=== ENTRIES SUPPLIED ===

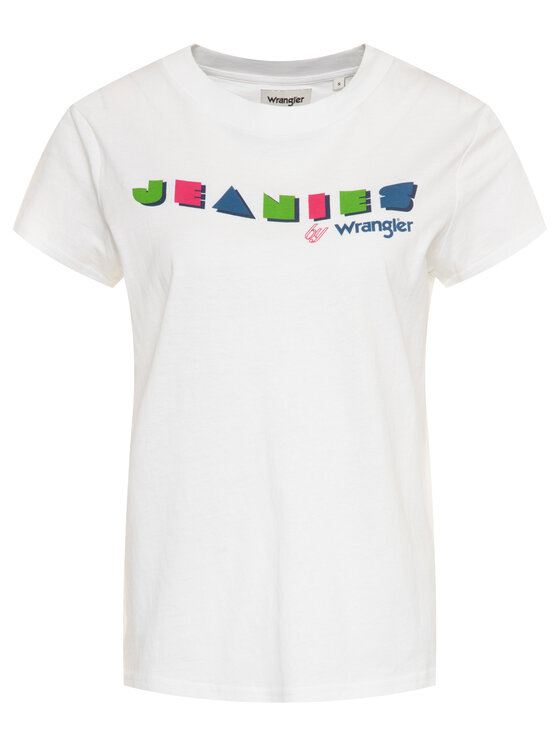 Wrangler Wrangler T-Shirt High Rib W7N9EVX12 112131988 Biały Regular Fit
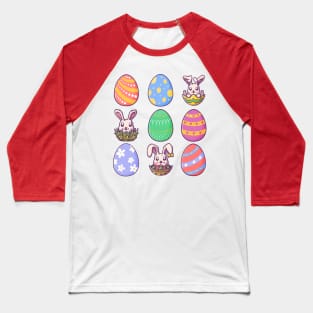 Easter Eggs, Cute Bunnies Baseball T-Shirt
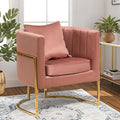 Velvet Modern Accent Chair Upholstered Barrel Armchair Mid Century with Pillow for Living Room Comfy Single Vanity Chair with Metal Gold Legs for Bedroom Pink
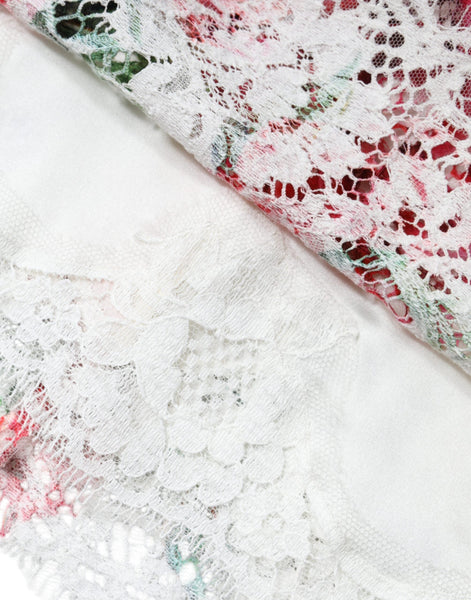 Dolce & Gabbana White Peony Lace Short Sleeves Blouse Top Dolce & Gabbana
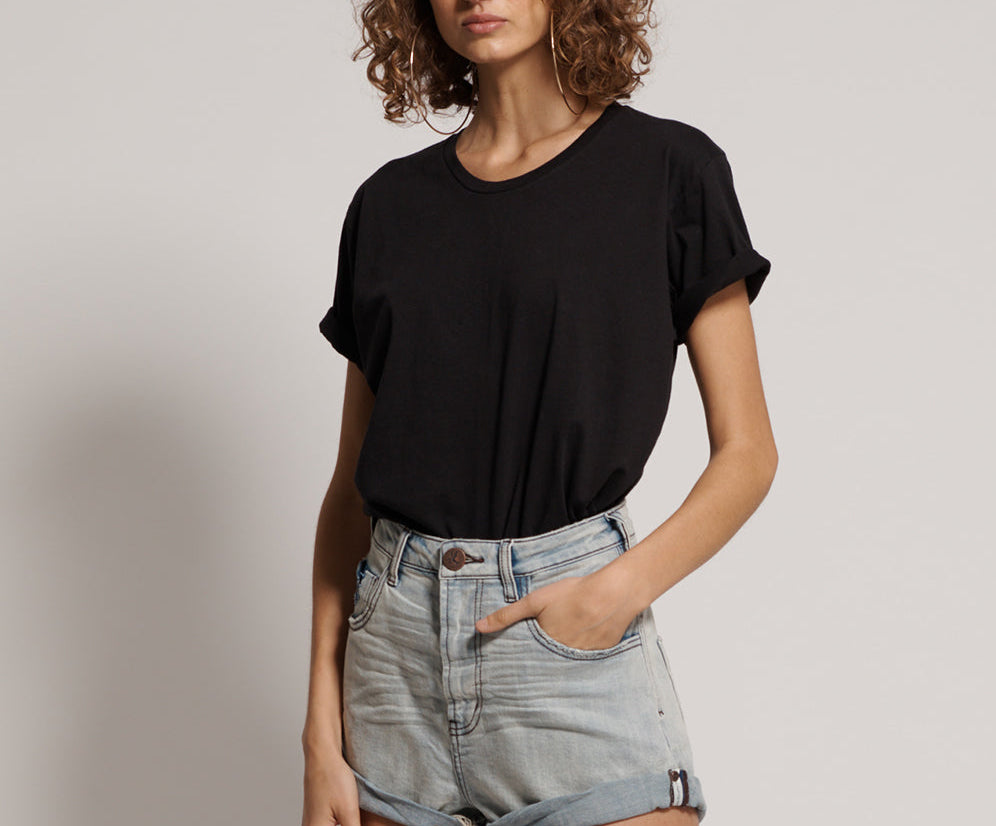 Bandits High Waist Denim Shorts - Mid West Blue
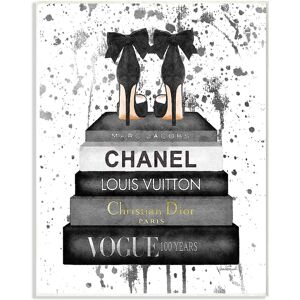 Stupell Glam Fashion Book Stack Grey Bow Pump Heels Ink NoColor 10" x 15"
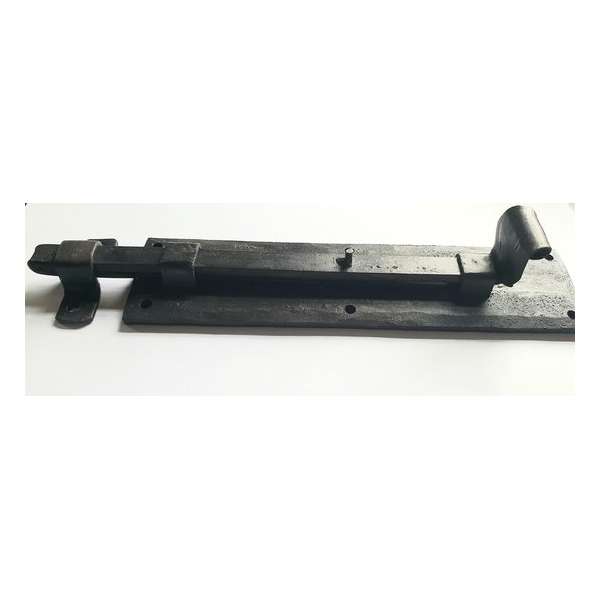 Zwarte deur of raam grendel 200 mm smeedijzer zwart Zwarte deur of raam grendel 200 mm smeedijzer zwart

===

TASK PROMPT
An exact copy of every entry, without pictures, should be your output.

RESULT OF THIS TASK
 Wrangler Wrangler T-Shirt High Rib W7N9EVX12 112131988 Biały Regular Fit
 Easter Eggs, Cute Bunnies Baseball T-Shirt
 Velvet Modern Accent Chair Upholstered Barrel Armchair Mid Century with Pillow for Living Room Comfy Single Vanity Chair with Metal Gold Legs for Bedroom Pink
 Dolce & Gabbana White Peony Lace Short Sleeves Blouse Top Dolce & Gabbana
 Bandits High Waist Denim Shorts - Mid West Blue
 Stupell Glam Fashion Book Stack Grey Bow Pump Heels Ink NoColor 10" x 15"
 Zwarte deur of raam grendel 200 mm smeedijzer zwart Zwarte deur of raam grendel 200 mm smeedijzer zwart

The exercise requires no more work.